• What to produce
Wherever a picture appears, skip it and retype the rest of the data exactly.

• Data excerpt
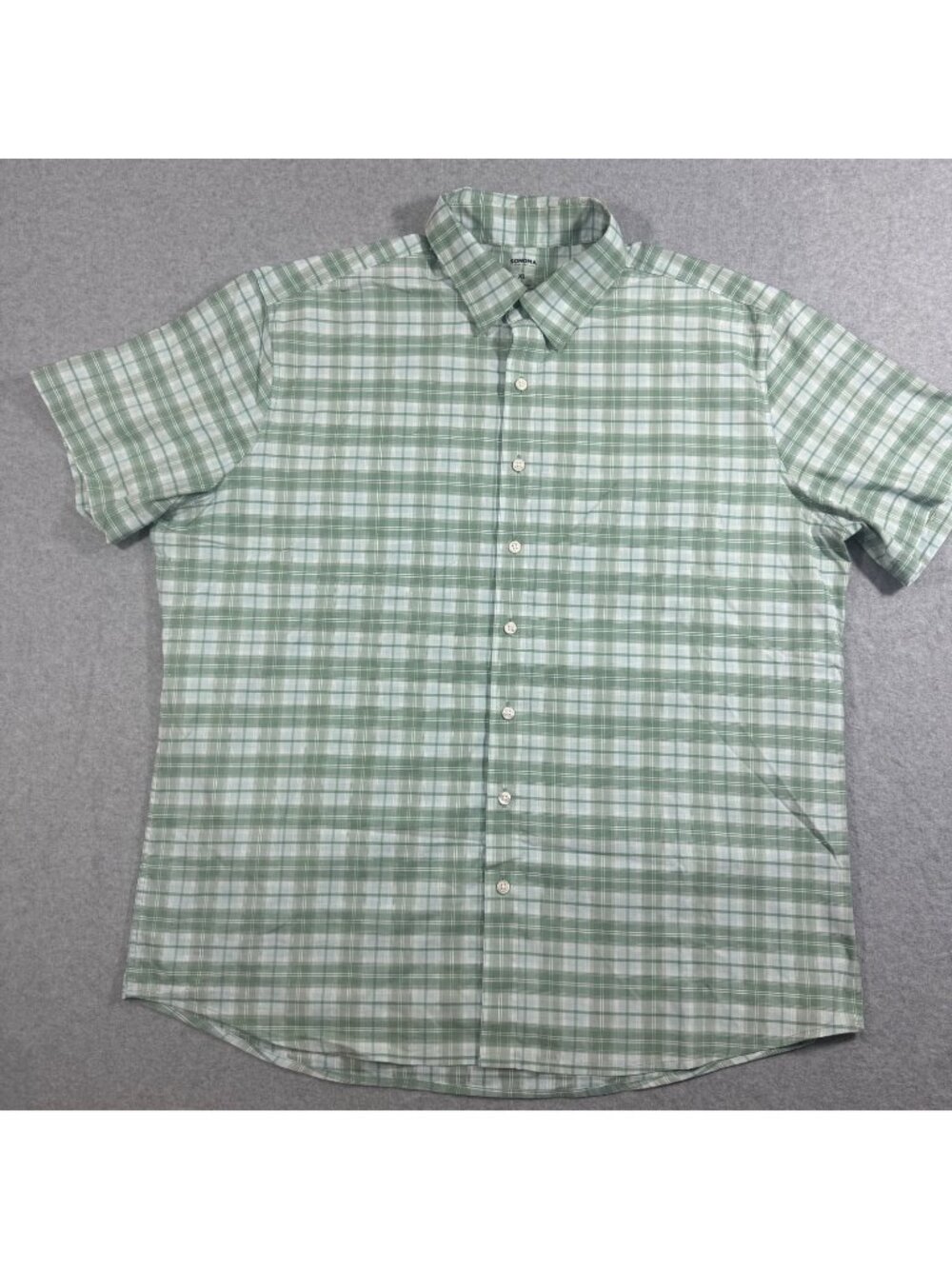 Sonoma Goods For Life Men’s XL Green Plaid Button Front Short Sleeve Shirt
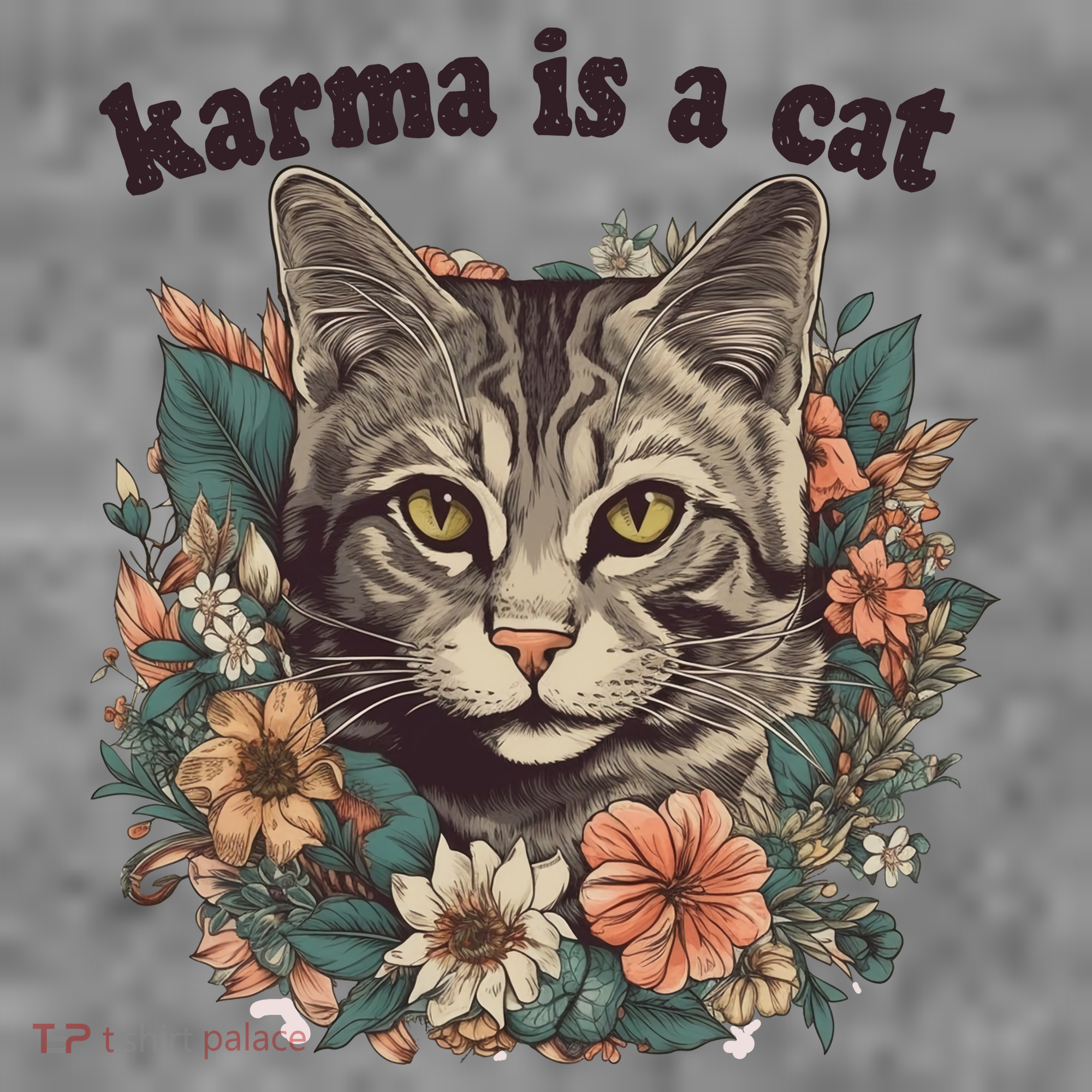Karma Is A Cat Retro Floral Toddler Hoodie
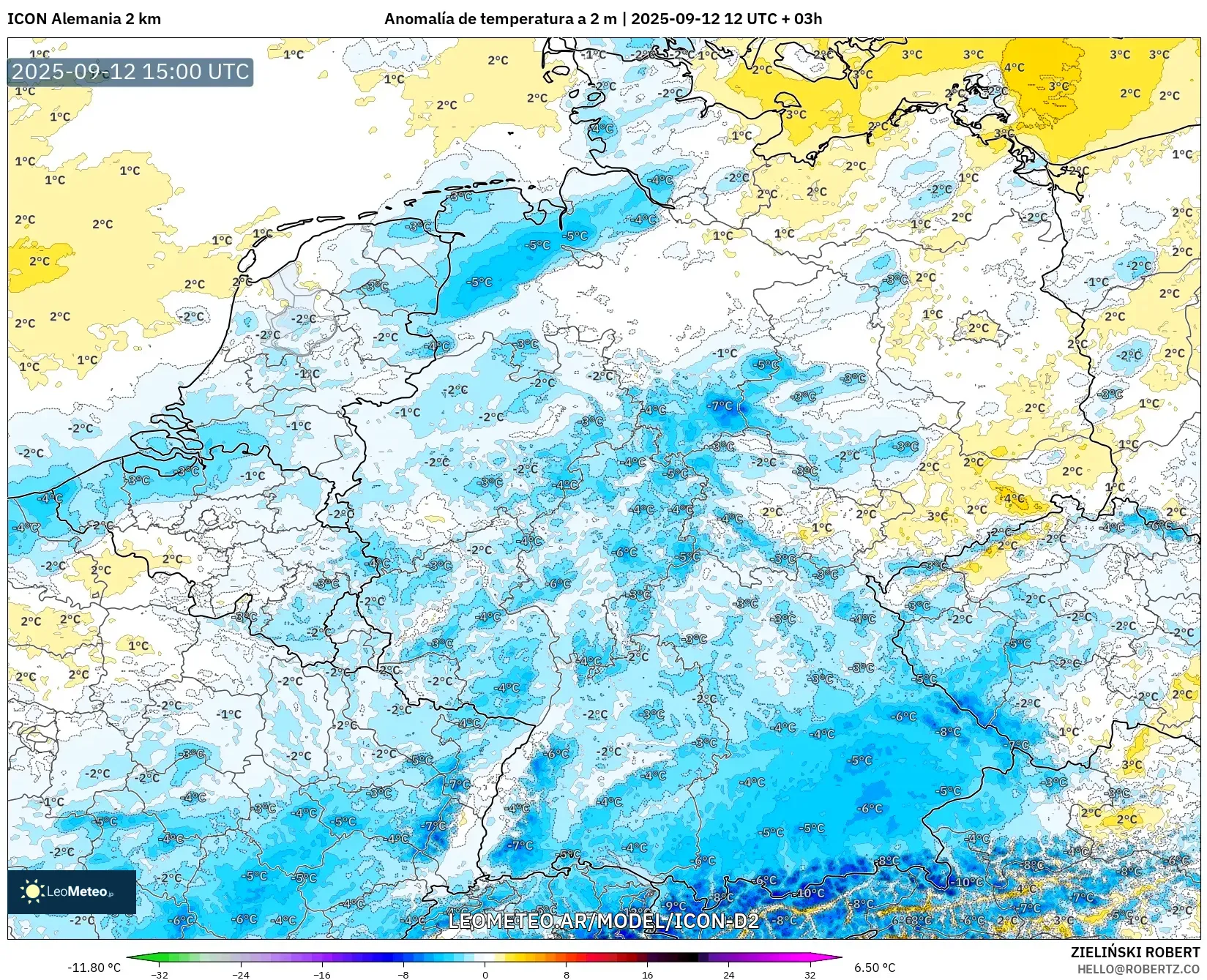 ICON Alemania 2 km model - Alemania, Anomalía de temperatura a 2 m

• Written response
 Sonoma Goods For Life Men’s XL Green Plaid Button Front Short Sleeve Shirt
Karma Is A Cat Retro Floral Toddler Hoodie
 ICON Alemania 2 km model - Alemania, Anomalía de temperatura a 2 m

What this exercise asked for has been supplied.